Automated Text Identification Using CNN and Training Dynamics
Claudiu Creanga, Liviu Petrisor Dinu
TL;DR
The paper addresses the challenge of distinguishing human- versus AI-generated text and improving generalization to unseen writing styles. It leverages Data Maps to analyze training dynamics of a CNN-based classifier on the AuTexTification dataset, identifying three learnability regions and demonstrating that training on ambiguous examples can boost out-of-distribution performance. Empirical results show that focusing on ambiguous samples yields higher F1 scores (around 0.66) than training on the full dataset, suggesting data selection strategies that emphasize ambiguity can enhance robustness to novel domains.
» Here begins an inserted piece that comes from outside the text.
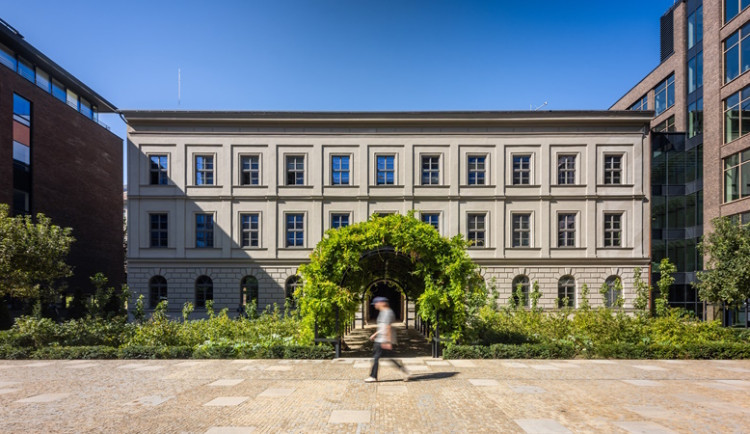 Majitelé řetězce restaurací L´Osteria podepsali smlouvu s CTP na pronájem Bochnerova paláce v Brně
The work informs dataset design and training strategies for AI-generated text detection, with practical implications for mitigating misinformation and ensuring ethical AI use.
Abstract
We used Data Maps to model and characterize the AuTexTification dataset. This provides insights about the behaviour of individual samples during training across epochs (training dynamics). We characterized the samples across 3 dimensions: confidence, variability and correctness. This shows the presence of 3 regions: easy-to-learn, ambiguous and hard-to-learn examples. We used a classic CNN architecture and found out that training the model only on a subset of ambiguous examples improves the model's out-of-distribution generalization.